*** Begin section ***

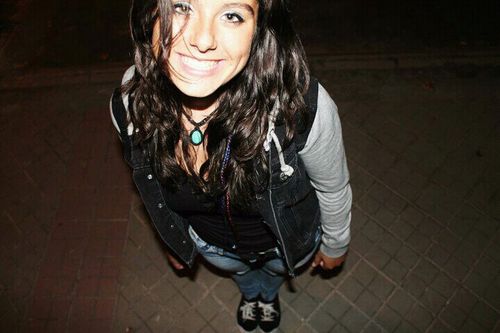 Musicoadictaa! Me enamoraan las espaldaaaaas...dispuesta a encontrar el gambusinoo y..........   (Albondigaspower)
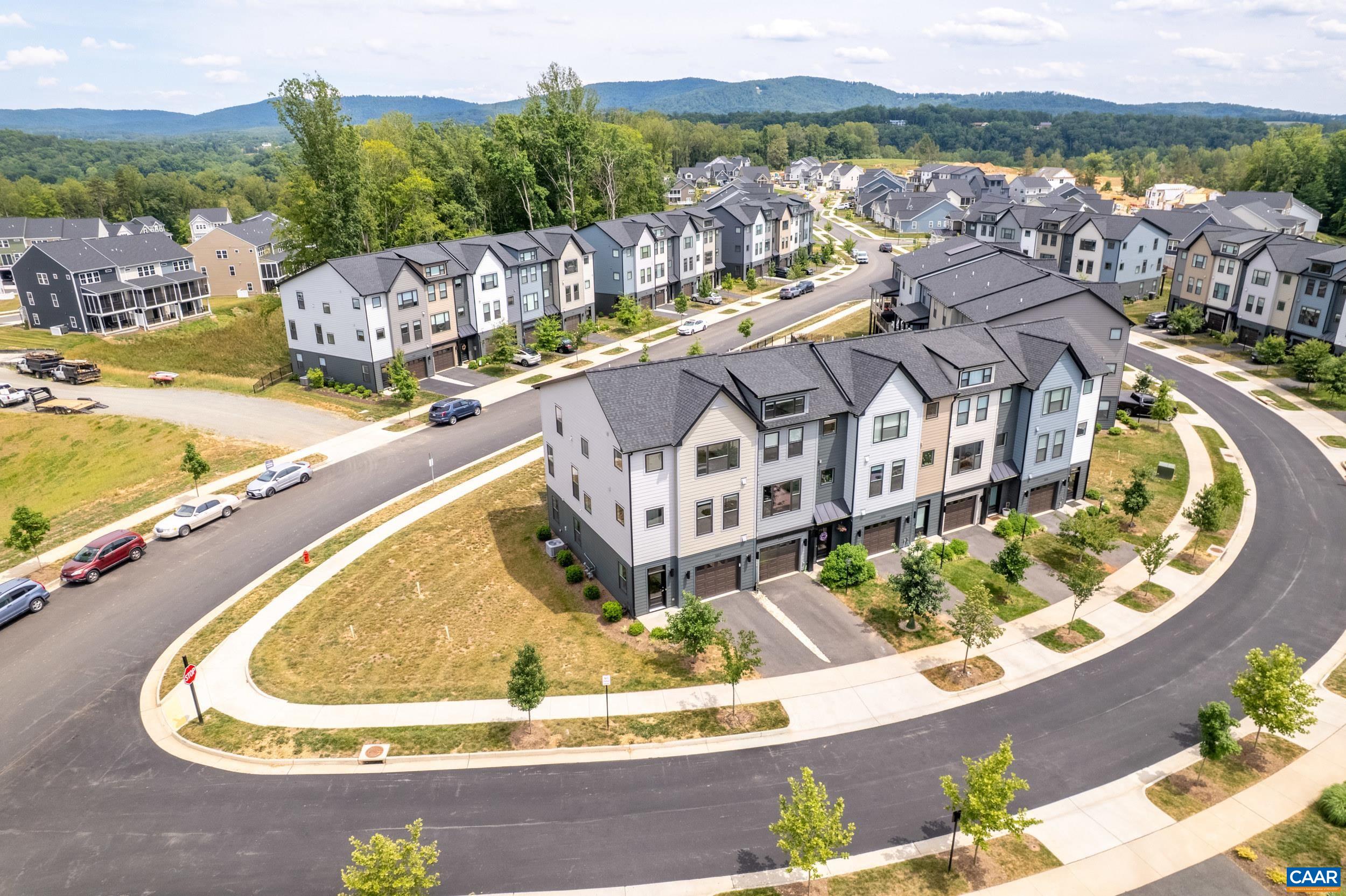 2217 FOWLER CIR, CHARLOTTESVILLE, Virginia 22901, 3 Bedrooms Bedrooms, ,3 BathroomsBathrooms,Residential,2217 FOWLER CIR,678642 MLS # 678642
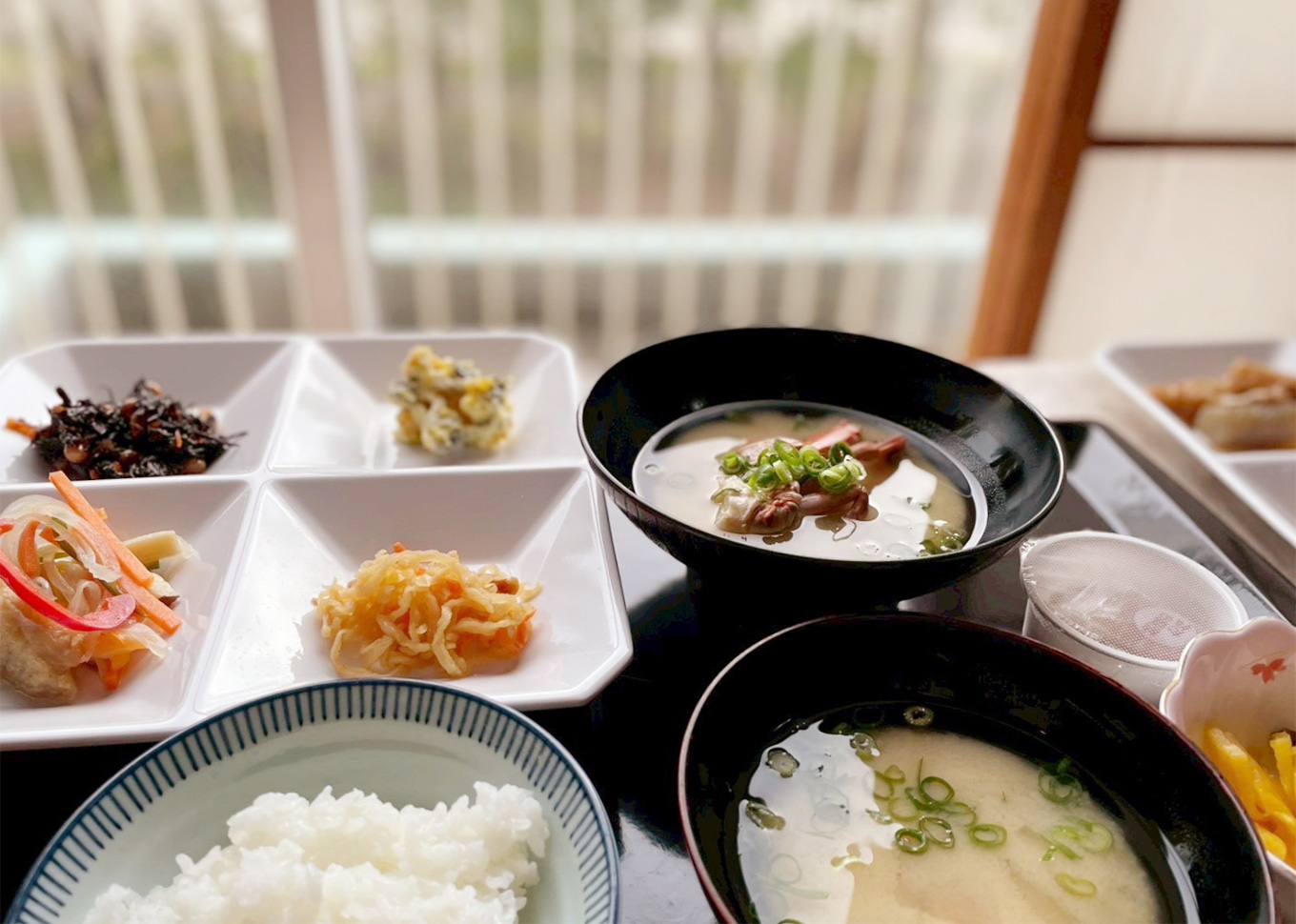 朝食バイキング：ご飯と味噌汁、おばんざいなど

*** End section ***

» TASK REQUIREMENTS:
Reproduce the material in full, word for word, and omit the pictures.

» RESULT:
 Musicoadictaa! Me enamoraan las espaldaaaaas...dispuesta a encontrar el gambusinoo y..........   (Albondigaspower)
 2217 FOWLER CIR, CHARLOTTESVILLE, Virginia 22901, 3 Bedrooms Bedrooms, ,3 BathroomsBathrooms,Residential,2217 FOWLER CIR,678642 MLS # 678642
 朝食バイキング：ご飯と味噌汁、おばんざいなど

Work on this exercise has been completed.